#### [Task statement]
From the material below, retype exactly the lines that begin at the line with "Wooden Cat Family Puzzle" and end after the line with "AndreAngel خاتم زواج"; pictures stay out of the copy.

[Opening Data section]

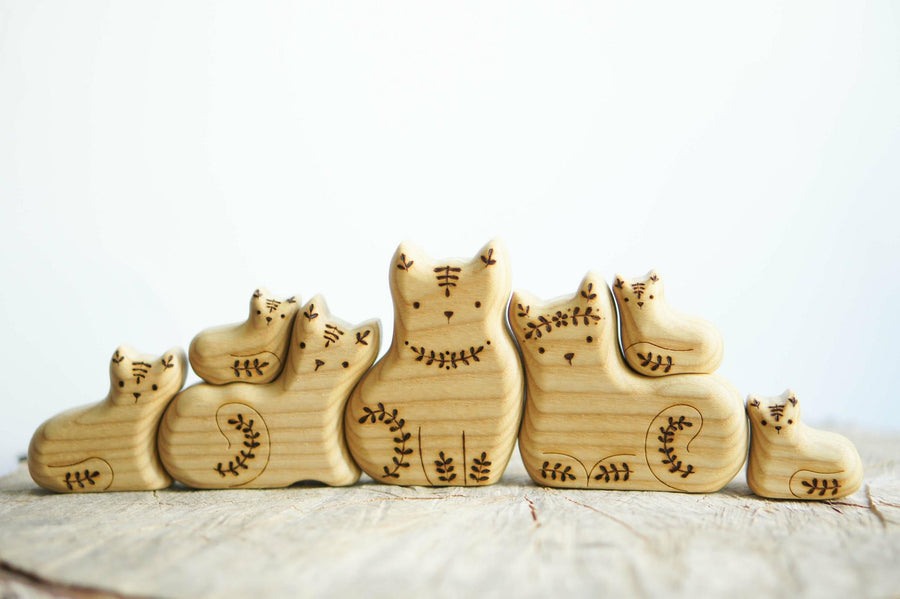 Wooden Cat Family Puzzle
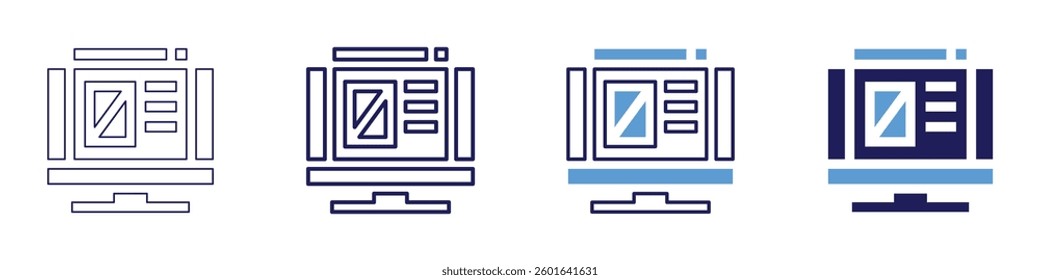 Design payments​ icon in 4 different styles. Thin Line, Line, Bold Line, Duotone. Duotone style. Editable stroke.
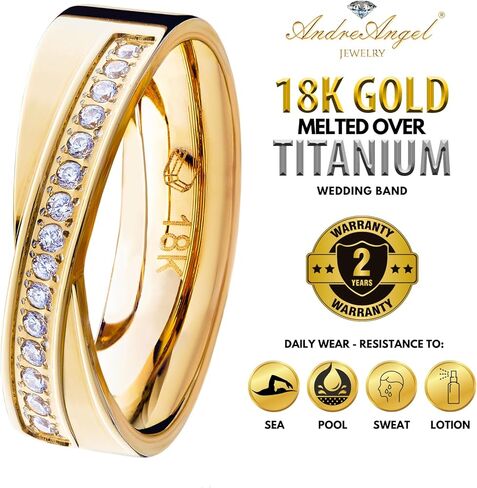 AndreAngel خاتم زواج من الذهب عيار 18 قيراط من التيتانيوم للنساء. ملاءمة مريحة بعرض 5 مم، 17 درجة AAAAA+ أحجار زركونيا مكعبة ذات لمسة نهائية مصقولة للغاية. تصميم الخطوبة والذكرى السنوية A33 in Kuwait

[Closing Data section]
[Opening Data section]

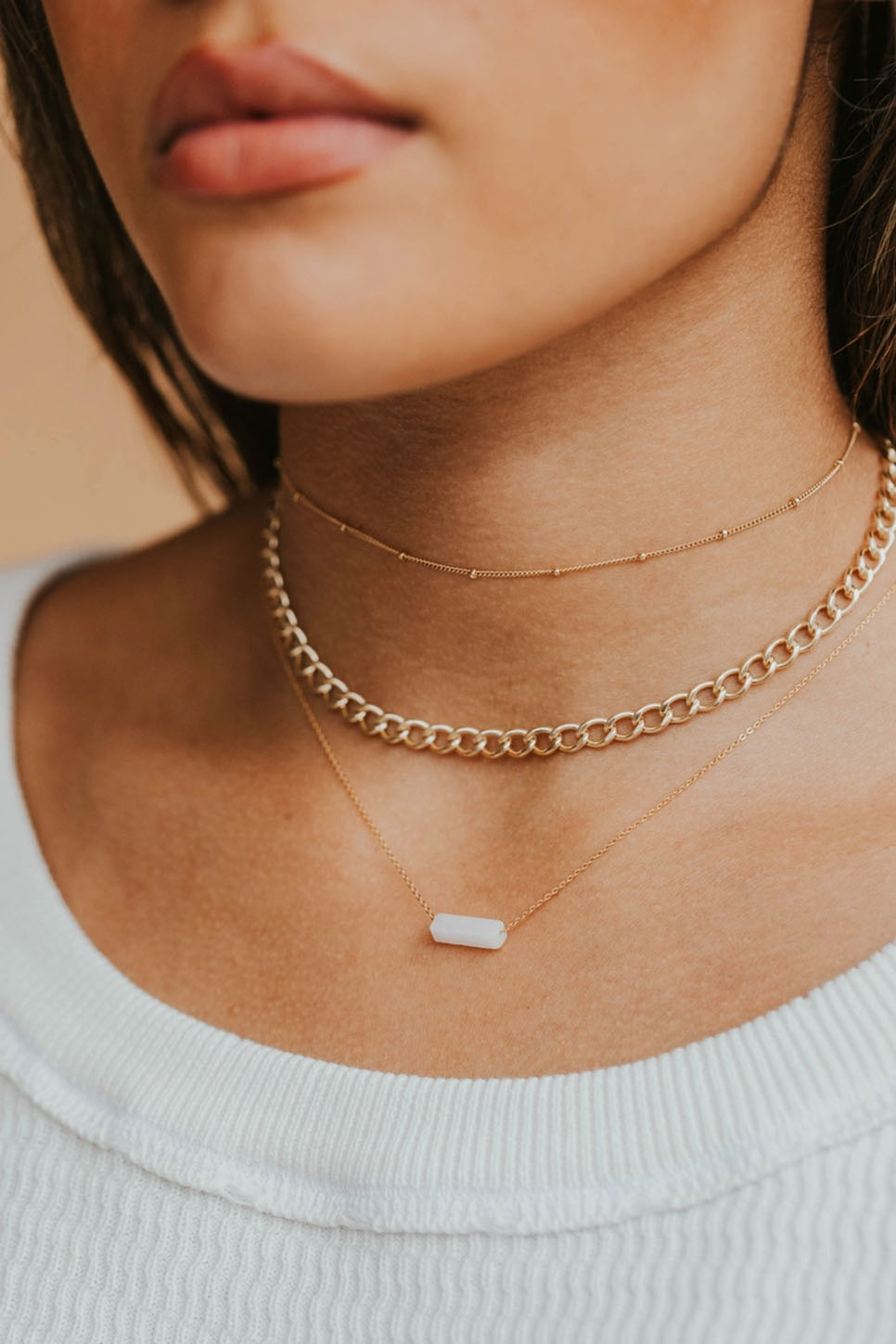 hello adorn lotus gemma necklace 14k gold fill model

[Closing Data section]
[Opening Data section]

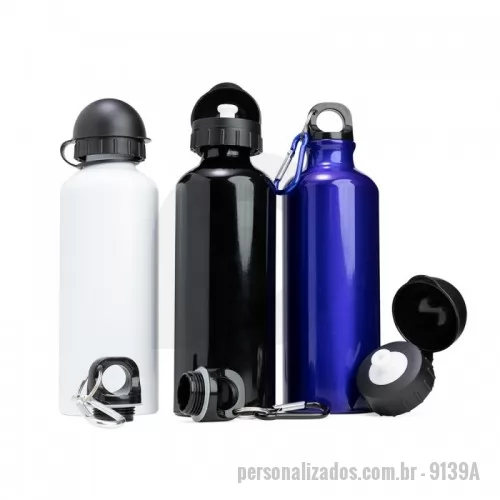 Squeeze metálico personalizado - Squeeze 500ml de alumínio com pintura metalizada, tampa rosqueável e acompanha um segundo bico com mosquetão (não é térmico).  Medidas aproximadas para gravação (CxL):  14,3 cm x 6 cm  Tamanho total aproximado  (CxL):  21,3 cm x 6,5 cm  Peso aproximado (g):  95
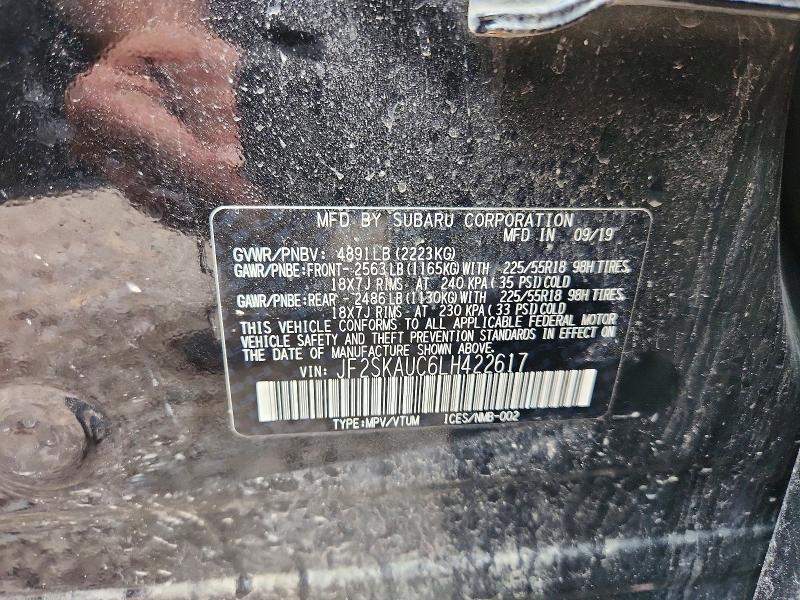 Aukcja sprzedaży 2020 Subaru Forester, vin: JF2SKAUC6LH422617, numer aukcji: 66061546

[Closing Data section]

#### [Solution to this exercise]
 Wooden Cat Family Puzzle
 Design payments​ icon in 4 different styles. Thin Line, Line, Bold Line, Duotone. Duotone style. Editable stroke.
 AndreAngel خاتم زواج من الذهب عيار 18 قيراط من التيتانيوم للنساء. ملاءمة مريحة بعرض 5 مم، 17 درجة AAAAA+ أحجار زركونيا مكعبة ذات لمسة نهائية مصقولة للغاية. تصميم الخطوبة والذكرى السنوية A33 in Kuwait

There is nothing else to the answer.